**About this task:**
Look through the entries below and copy exactly the part that begins with the line containing "722.3 м², Готовый" and ends with the line containing "Go语言底层原理互斥锁的实现原理是什么". Do not copy the pictures.

**Records provided:**
|---|
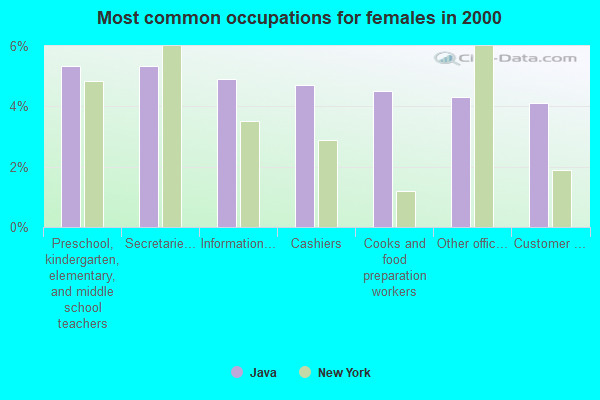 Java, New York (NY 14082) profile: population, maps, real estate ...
|---|
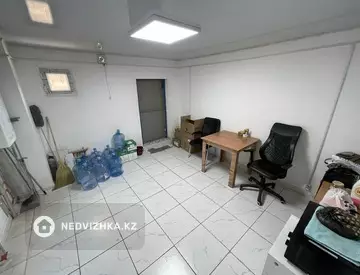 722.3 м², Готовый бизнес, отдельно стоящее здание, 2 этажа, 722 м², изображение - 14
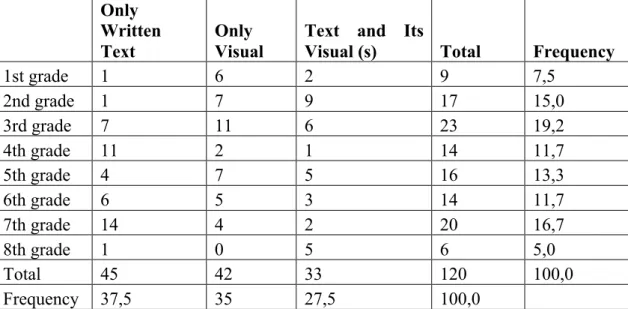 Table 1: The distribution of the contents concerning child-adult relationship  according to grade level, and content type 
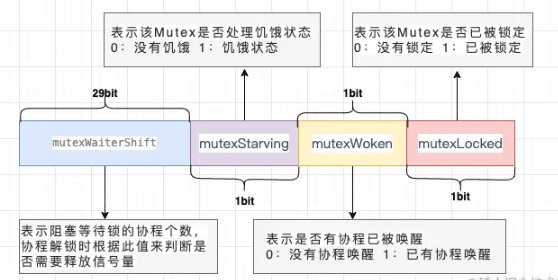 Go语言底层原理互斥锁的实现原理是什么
|---|
**Task result:**
 722.3 м², Готовый бизнес, отдельно стоящее здание, 2 этажа, 722 м², изображение - 14
 Table 1: The distribution of the contents concerning child-adult relationship  according to grade level, and content type 
 Go语言底层原理互斥锁的实现原理是什么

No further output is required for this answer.